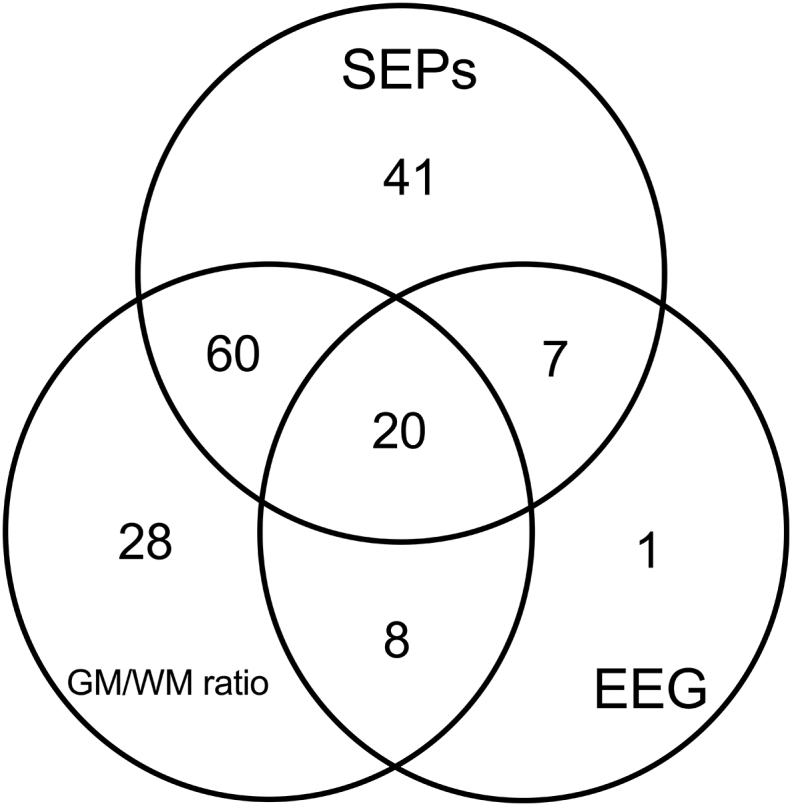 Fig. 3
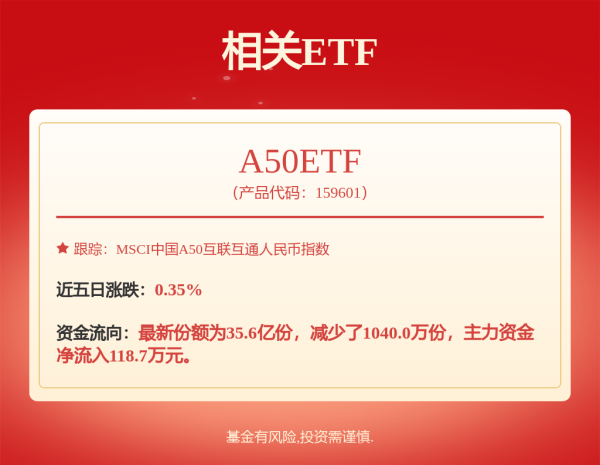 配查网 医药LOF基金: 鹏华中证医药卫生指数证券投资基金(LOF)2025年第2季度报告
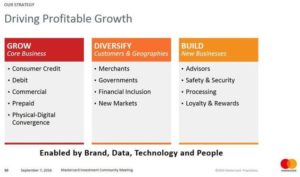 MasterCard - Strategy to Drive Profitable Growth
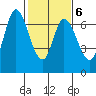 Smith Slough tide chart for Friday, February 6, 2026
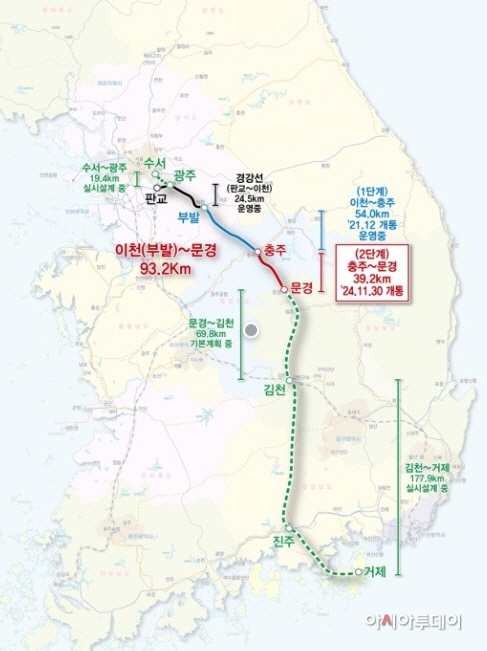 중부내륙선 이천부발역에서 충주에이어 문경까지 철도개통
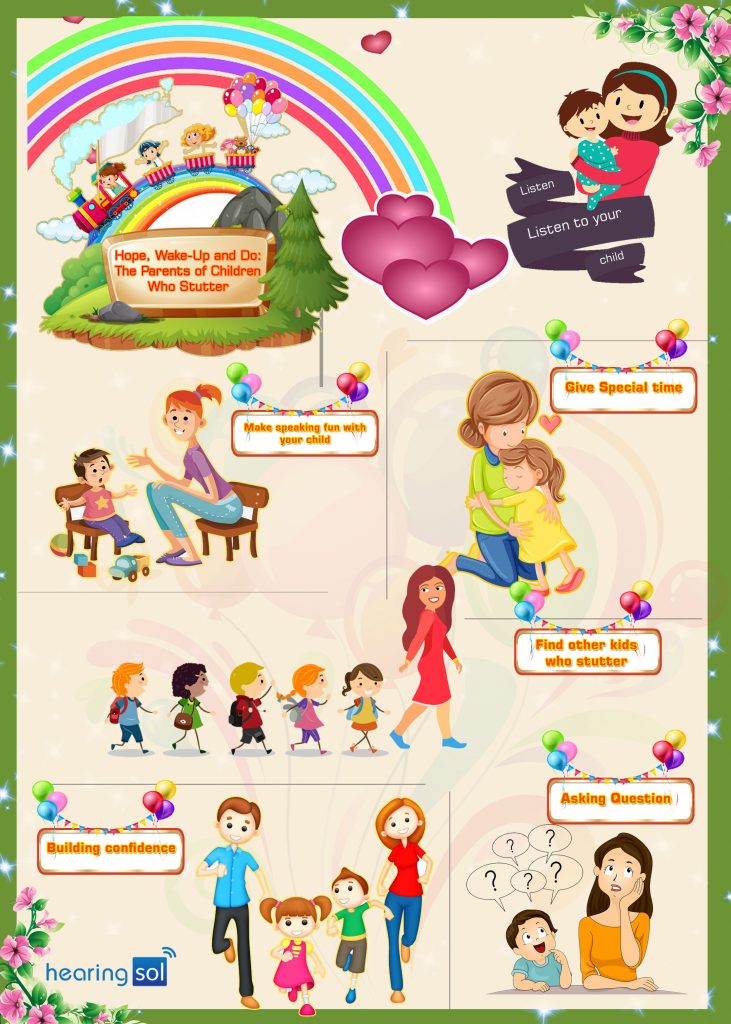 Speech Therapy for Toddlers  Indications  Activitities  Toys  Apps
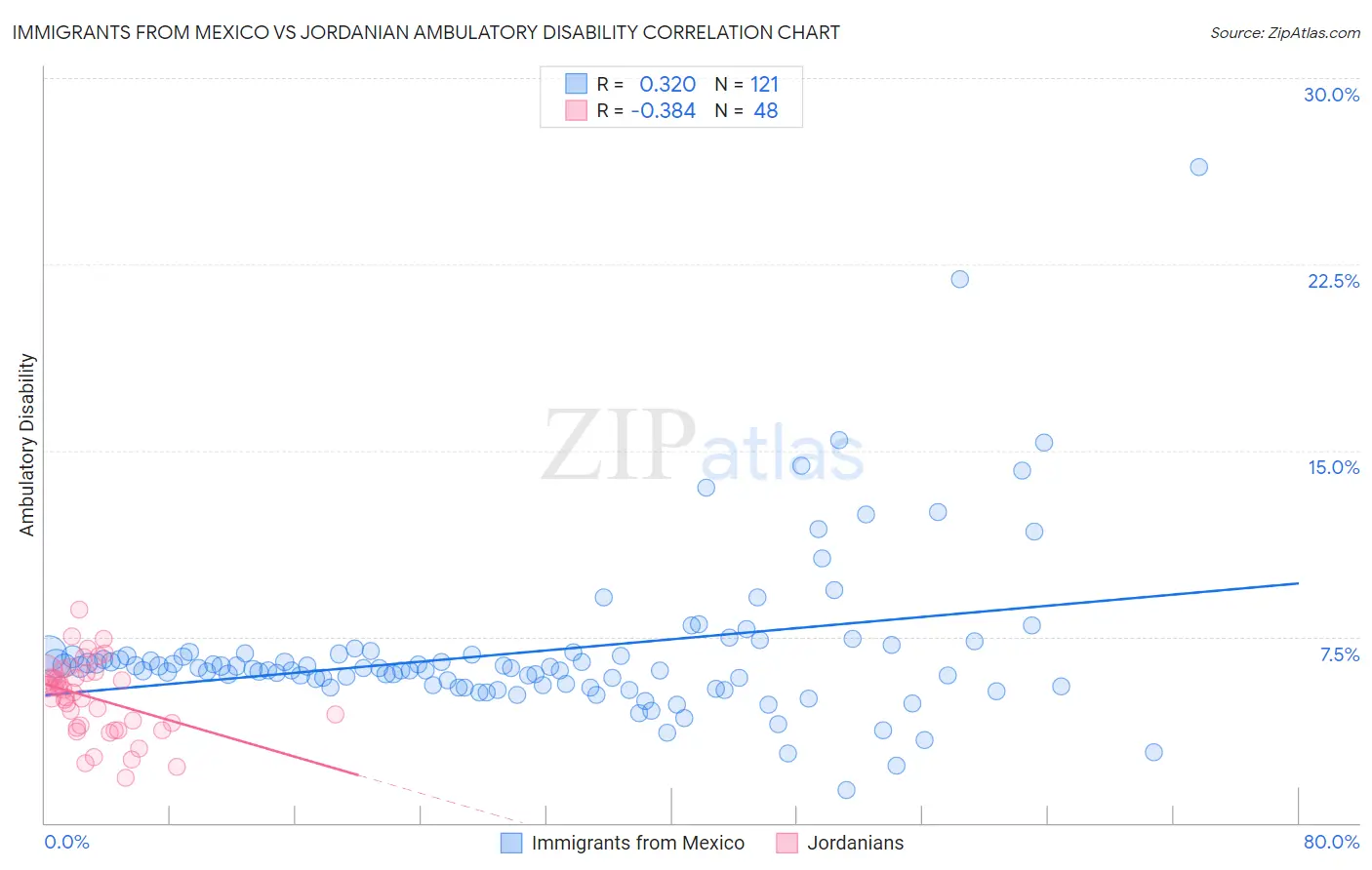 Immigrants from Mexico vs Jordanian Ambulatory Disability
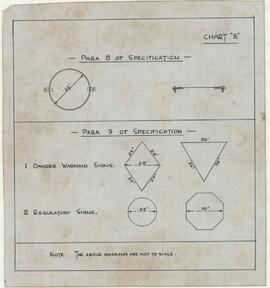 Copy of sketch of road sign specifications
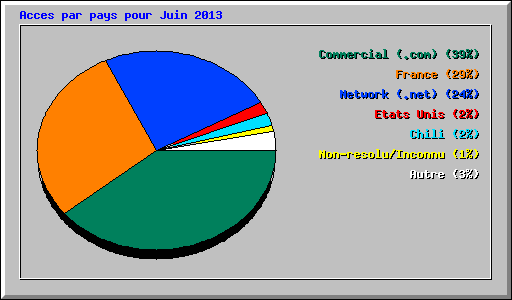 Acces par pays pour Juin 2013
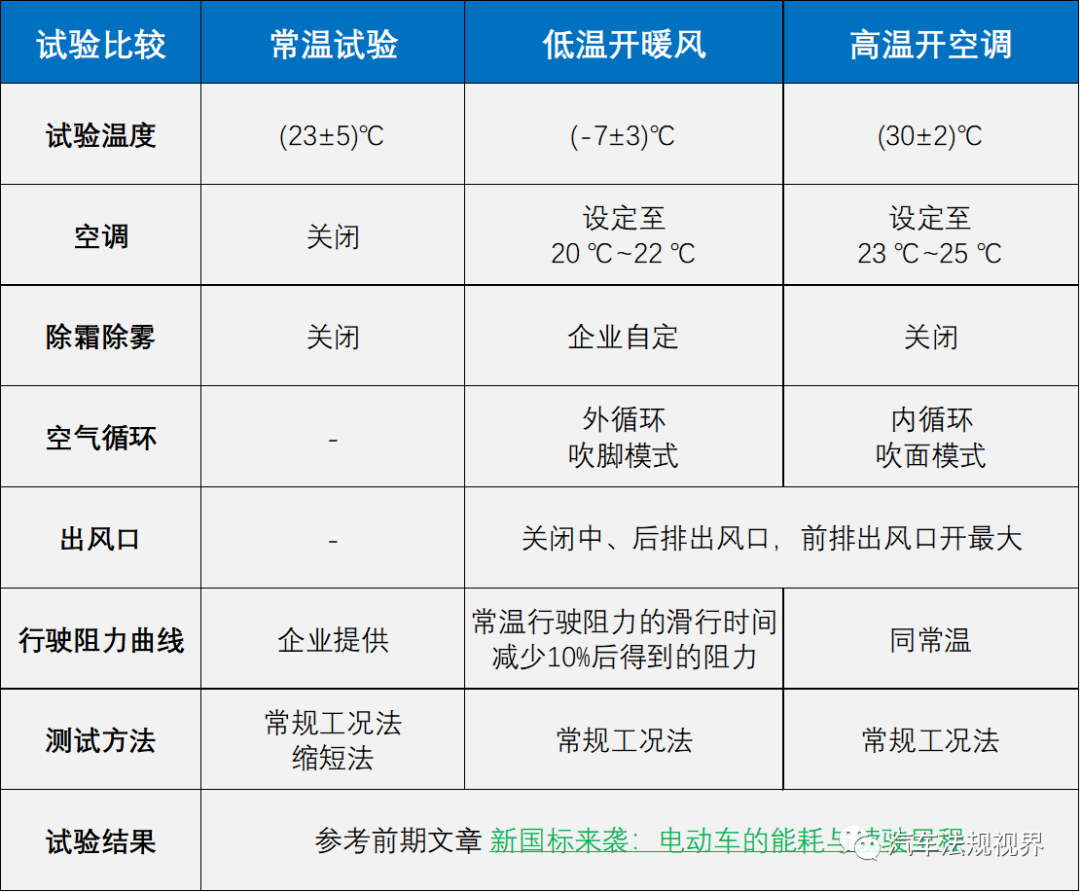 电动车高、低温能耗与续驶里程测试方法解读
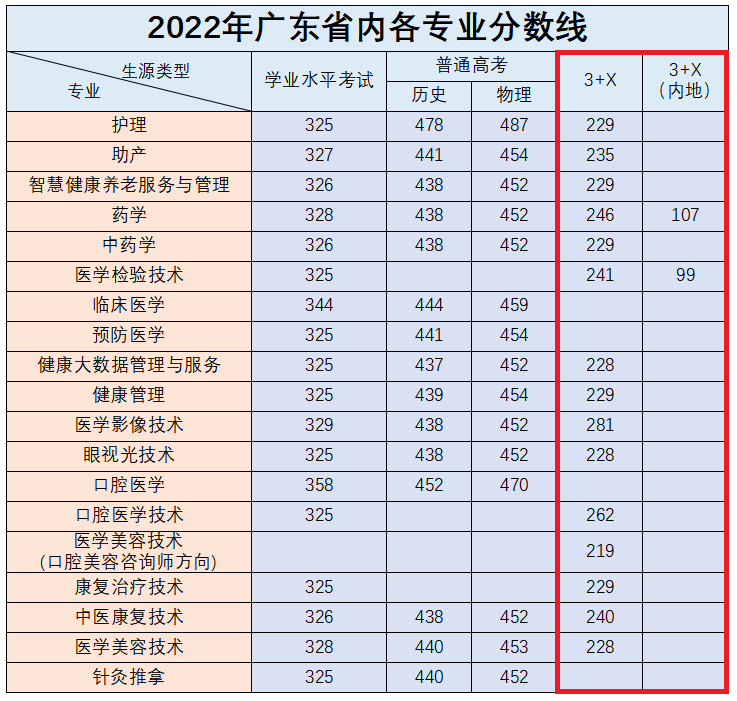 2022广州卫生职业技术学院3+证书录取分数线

-=-=-=-=-

Your objective –
The reply should hold every record, unchanged, and no pictures.

Answer to this exercise –
 Fig. 3
 配查网 医药LOF基金: 鹏华中证医药卫生指数证券投资基金(LOF)2025年第2季度报告
 MasterCard - Strategy to Drive Profitable Growth
 Smith Slough tide chart for Friday, February 6, 2026
 중부내륙선 이천부발역에서 충주에이어 문경까지 철도개통
 Speech Therapy for Toddlers  Indications  Activitities  Toys  Apps
 Immigrants from Mexico vs Jordanian Ambulatory Disability
 Copy of sketch of road sign specifications
 Acces par pays pour Juin 2013
 电动车高、低温能耗与续驶里程测试方法解读
 2022广州卫生职业技术学院3+证书录取分数线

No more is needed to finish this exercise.